Zero-Shot Fine-Grained Image Classification Using Large Vision-Language Models

TL;DR

This work tackles zero-shot fine-grained image classification by reframing the task as visual question answering with Large Vision-Language Models (LVLMs). It introduces an iterative multiple-choice question-answering (MCQA) pipeline and a lightweight attention intervention to better align early visual cues with deep semantic grounding, plus curated, attribute-rich class descriptions to bridge the gap between visuals and discriminative attributes. The authors demonstrate substantial, consistent improvements over prior zero-shot methods across five fine-grained benchmarks, achieving state-of-the-art performance in many settings, and analyze trade-offs between iterative MCQA and all-at-once inference, model scale, and description quality. The results highlight the practical potential of LVLM-driven zero-shot fine-grained classification, especially when combined with precise descriptions and targeted attention guidance, with implications for scalable, training-free recognition in visually similar categories.

Abstract

Large Vision-Language Models (LVLMs) have demonstrated impressive performance on vision-language reasoning tasks. However, their potential for zero-shot fine-grained image classification, a challenging task requiring precise differentiation between visually similar categories, remains underexplored.

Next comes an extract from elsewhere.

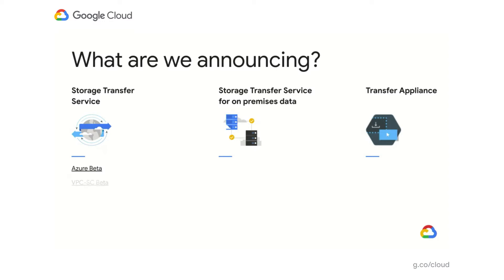In addition, we're announcing a public beta for VPC Service Controls. This will enable you to move data from outside of Google Cloud into a Google Cloud Storage bucket that is inside of a security perimeter. It will also enable you to move data between two security perimeters — if the source bucket is in one perimeter and the destination bucket is in another, we'll enable you to move data between the two.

We present a novel method that transforms zero-shot fine-grained image classification into a visual question-answering framework, leveraging LVLMs' comprehensive understanding capabilities rather than relying on direct class name generation. We enhance model performance through a novel attention intervention technique. We also address a key limitation in existing datasets by developing more comprehensive and precise class description benchmarks. We validate the effectiveness of our method through extensive experimentation across multiple fine-grained image classification benchmarks. Our proposed method consistently outperforms the current state-of-the-art (SOTA) approach, demonstrating both the effectiveness of our method and the broader potential of LVLMs for zero-shot fine-grained classification tasks. Code and Datasets: https://github.com/Atabuzzaman/Fine-grained-classification

Paper Structure

This paper contains 31 sections, 5 equations, 6 figures, 5 tables, 1 algorithm.

Figures (6)

  • Figure 1: Overview of our zero-shot fine-grained image classification framework. Unlike existing approaches (top), which directly prompt a Large Vision-Language Model (LVLM) to generate a class name given an input image, our method leverages an LVLM combined with a proposed iterative multiple-choice question-answering strategy and an attention intervention technique to select the most accurate fine-grained class description. This framework effectively matches each input image with the most appropriate class description without requiring any training samples.
  • Figure 2: Overview of our proposed zero-shot fine-grained image classification framework using LVLM. The system takes an input image and class descriptions with a prompt, and uses an LVLM enhanced with an attention intervention mechanism. The framework employs an iterative MCQA approach where the LVLM selects the most appropriate class description through multiple rounds of refinement. The attention intervention module guides the visual information flow from shallow to deep layers, while deep layers provide grounded object-attribute information to final layers to improve classification accuracy.
  • Figure 3: Comparison of class descriptions from an existing dataset and our introduced class descriptions. Bold text in the "Ours Class Descriptions" column highlights key discriminative features that are either absent or described with less specificity in the "Existing Class Descriptions" column. The increased detail in our proposed descriptions facilitates more accurate zero-shot fine-grained image classification.
  • Figure 4: Prompt used for the iterative multiple-choice question answering (MCQA) approach.
  • Figure 5: Prompt used for obtaining fine-grained visual descriptions from an LVLM.